Wired News has posted coverage of the release of my novel:
Doctorow’s fans aren’t surprised to find his book online for free. The plots of his most recent short story, “0wnz0red,” involves digital rights management, or how files are protected from sharing and copying.
Moreover, Doctorow is known outside science fiction circles for his prolific, passionate posts about digital rights issues on the BoingBoing weblog and other forums, as well as his work with the Electronic Frontier Foundation.
“I don’t believe that I am giving up book royalties,” Doctorow said about persuading his publisher, Tor Books, to make Down and Out available digitally for free under the new Creative Commons licensing system.
“(Downloads) crossed the 10,000-download threshold at 8 a.m. this morning,” Doctorow said Thursday, “which exceeds the initial print run for the book.”
Doctorow said he thinks the marketing buzz from those downloads will be worth more than any lost book sales. “I think that the Internet’s marvelous ability to spread information to places where it finds a receptive home is the best thing that could happen to a new writer like me.”
Volunteers have sent in copies of the novel in multiple file formats (PalmOS PDB, Apple Newton PKG, PalmOS Palm Reader, and Microsoft LIT). They’re linked off the downloads page.
24 hours after launching the site from which you can download my novel for free, the book has been downloaded over 20,000 times. It’s been Slashdotted, blogged to hell and back, and I’ve done a number of press interviews about it. What’s more, the title is currently sitting at #304 in the Amazon Sales Rank. Let’s call this one a success. I could not be more stoked. Damn.
Thanks to Jason Andrade for setting up a mirror of the downloads page in Australia for your antipodean convenience.
I’ve done an interview with Creative Commons about Down and Out in the Magic Kingdom in which I go into some depth about the motivation for releasing the book online, gratis.
Well, in some ways, this novel is a parable about Napster, and about the reputation economies that projects like Ringo, Firefly, Epinions and Amazon hint at. In a world where information is nonscarce, the problem isn’t finding generic information — it’s finding useful information. There’s an old chestnut in online science fiction fandom that the Internet “makes us all into slushreaders.” (“Slush” is the unsolicited prose that arrives at publishers’ offices — a “slushreader” wades through thousands of these paste-gems looking for the genuine article). This has always struck me as a pretty reactionary position.

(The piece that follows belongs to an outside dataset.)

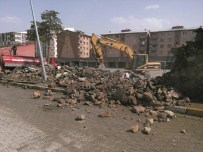 SOĞUK HAVA DEPOSU - Eski Sebze Halının Yıkımı Başladı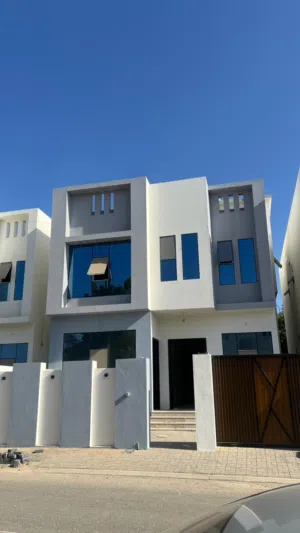 فلل للبيع في الغيل قريب جمعية المرأة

Nearly every piece of information online has a human progenitor — a person who thought it was useful or important or interesting enough to post. Those people have friends whom they trust, and those friends have trusted friends, and so on. Theoretically, if you use your social network to explore the Web, you can make educated guesses about the relative interestingness of every bit of info online to you. In practice, this kind of social exploration is very labor-intensive and even computationally intensive, but there’s a lot of technology on the horizon that hints at this…
Scarcity is, objectively, worse than plenty. When you’ve got lots of some useful object, you’re richer than when you have less of it. When there’s more than enough to go around, the economic value tends to plummet, but the utility is just as high. Think of oxygen: on the Earth’s surface, we’re well-supplied with breathable atmosphere. Aside from a few egregiously West-coast “oxygen bars,” it’s hard to imagine paying money for O2. But in Heinlein’s sf novels set on the moon, there’s a thriving trade in oxygen. In both situations, air is highly useful, but dirtsiders are richer in air than their loonie cousins.